La combinación de fideos bañados en una cremosa salsa huancaína y coronados con un jugoso lomo saltado es una fusión irresistible de texturas y sabores. Por un lado, la suavidad y el toque ligeramente picante de la salsa envuelven cada hebra de pasta; por el otro, la intensidad del salteado de carne con cebolla, tomate y sillao aporta carácter y profundidad. Es un plato reconfortante, sustancioso y lleno de contrastes, ideal para quienes disfrutan de preparaciones completas en un solo servicio.
Ingredientes
Para la salsa huancaína
- 1/2 taza de queso fresco
- 1/2 taza de leche evaporada
- 4 galletas de soda
- 1 ají amarillo sin venas
- Sal
- Aceite
Para el lomo saltado
- 300 gramos de carne de res en tiras
- 1 cebolla cortada en pluma
- 1 tomate cortado en gajos
- 2 cucharadas de sillao (soya)
- 1 cucharada de vinagre
- Ají amarillo en tiras (opcional)
Además:
- Fideos (cantidad necesaria, según preferencia)
Preparación
Paso 1: Cocción de los fideos
Coloca una olla amplia con abundante agua a fuego alto. Cuando el agua comience a hervir, agrega sal al gusto. Incorpora los fideos y cocínalos siguiendo el tiempo habitual hasta que estén en su punto, tiernos pero firmes al morder. Es importante no sobrecocinarlos para que mantengan buena textura al mezclarlos con la salsa.
Una vez listos, escúrrelos completamente y resérvalos mientras preparas el resto de la receta. Puedes añadir unas gotas de aceite y mezclarlos suavemente para evitar que se peguen entre sí mientras reposan.
Paso 2: Elaboración de la salsa huancaína
En el vaso de la licuadora coloca el queso fresco troceado para facilitar el licuado. Añade la leche evaporada, que aportará cremosidad y suavidad a la salsa. Incorpora las galletas de soda, que ayudarán a espesar la preparación y a darle cuerpo.

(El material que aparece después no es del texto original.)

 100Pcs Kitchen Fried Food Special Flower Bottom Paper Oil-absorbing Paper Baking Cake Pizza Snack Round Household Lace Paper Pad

Agrega el ají amarillo previamente limpio, sin venas, para obtener un sabor equilibrado y un picor moderado. Añade una pizca de sal y un chorrito de aceite, que contribuirá a lograr una textura más sedosa.

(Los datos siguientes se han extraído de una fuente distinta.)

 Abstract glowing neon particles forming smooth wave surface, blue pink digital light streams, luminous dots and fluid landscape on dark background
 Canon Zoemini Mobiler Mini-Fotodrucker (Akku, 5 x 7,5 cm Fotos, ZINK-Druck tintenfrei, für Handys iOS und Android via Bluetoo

Licúa todos los ingredientes hasta obtener una mezcla completamente homogénea, cremosa y sin grumos. La consistencia debe ser espesa pero fluida, capaz de cubrir los fideos sin quedar demasiado pesada. Si es necesario, puedes ajustar ligeramente con más leche evaporada o queso, manteniendo siempre los mismos ingredientes indicados.

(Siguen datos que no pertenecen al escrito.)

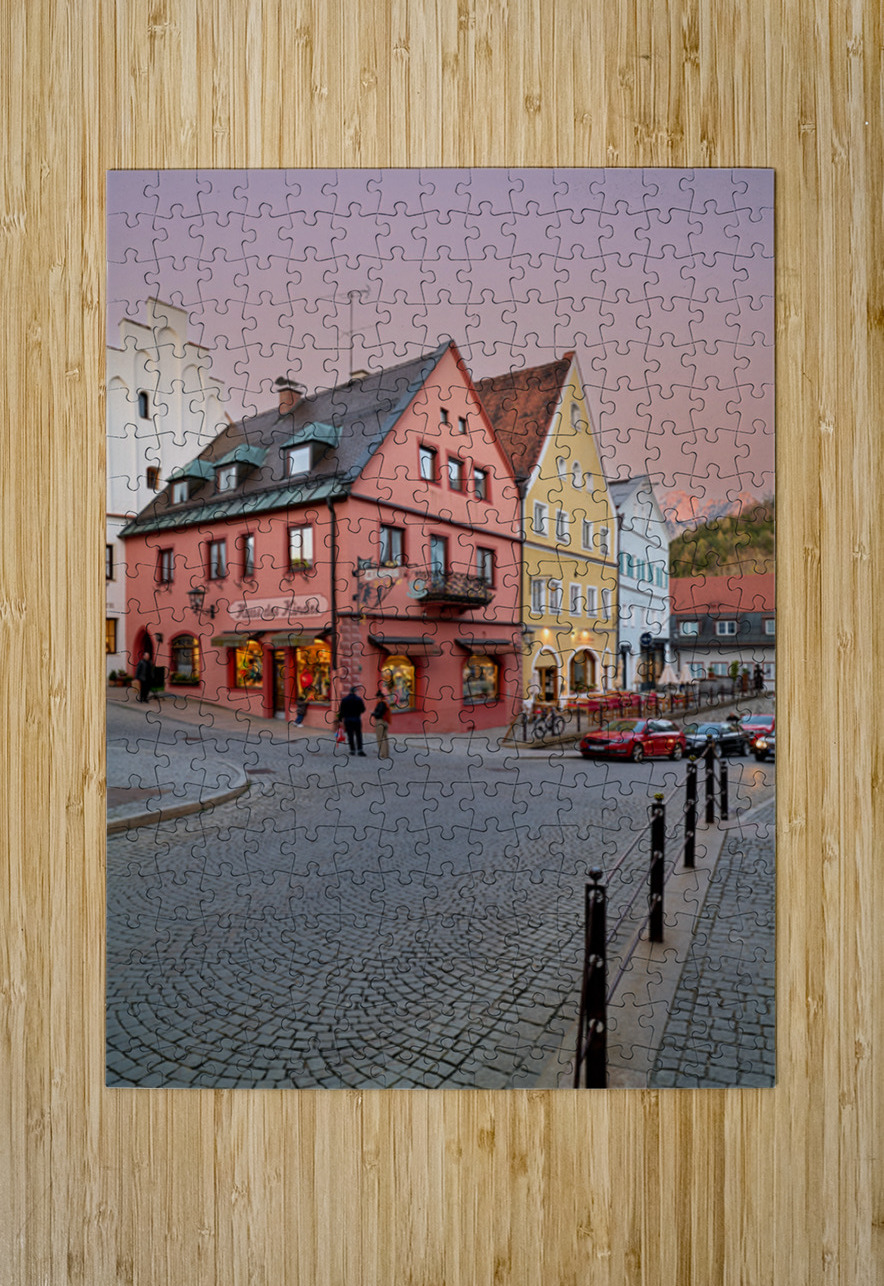 Streets of Fussen on the Romantic Road at dusk Marco Brivio Puzzle printing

Reserva la salsa mientras preparas el lomo saltado.

Paso 3: Preparación del lomo saltado
Calienta una sartén amplia a fuego alto. Es fundamental que esté bien caliente antes de añadir la carne, ya que el lomo saltado se caracteriza por su cocción rápida y a alta temperatura.
Coloca un poco de aceite en la sartén y, de inmediato, añade las tiras de carne de res distribuyéndolas en una sola capa para que se sellen correctamente. Déjalas dorar sin moverlas durante unos instantes para que desarrollen buen color y sabor. Luego remueve y saltea brevemente.
Incorpora la cebolla cortada en pluma y el tomate en gajos. Añade también el ají amarillo en tiras si decides utilizarlo. Continúa salteando a fuego alto, moviendo la sartén con energía. Es importante cocinar sin sobremezclar ni ablandar demasiado la cebolla: debe conservar una textura ligeramente firme y fresca.
Agrega las dos cucharadas de sillao y la cucharada de vinagre. Estos ingredientes aportarán el característico equilibrio entre lo salado y lo ligeramente ácido. Mezcla rápidamente para que la carne y las verduras se impregnen bien del jugo que se forma en la sartén. Cocina solo unos minutos más, evitando que la carne se pase de cocción y pierda jugosidad.
Retira del fuego en cuanto todo esté bien integrado y la carne esté cocida pero tierna.
Paso 4: Integración y servido
Coloca los fideos reservados en una fuente amplia o directamente en platos individuales. Vierte la salsa huancaína sobre la pasta y mezcla cuidadosamente hasta que todos los fideos queden bien cubiertos con la salsa cremosa.
Sirve el lomo saltado encima de los fideos bañados en huancaína o a un lado del plato, según tu preferencia. De cualquier forma, procura incluir parte del jugo de la cocción, ya que aporta aún más sabor al conjunto.
El resultado es un plato abundante y lleno de contrastes: la suavidad cremosa de la salsa, la intensidad del salteado y la textura firme de los fideos se combinan en cada bocado para ofrecer una experiencia completa y deliciosa.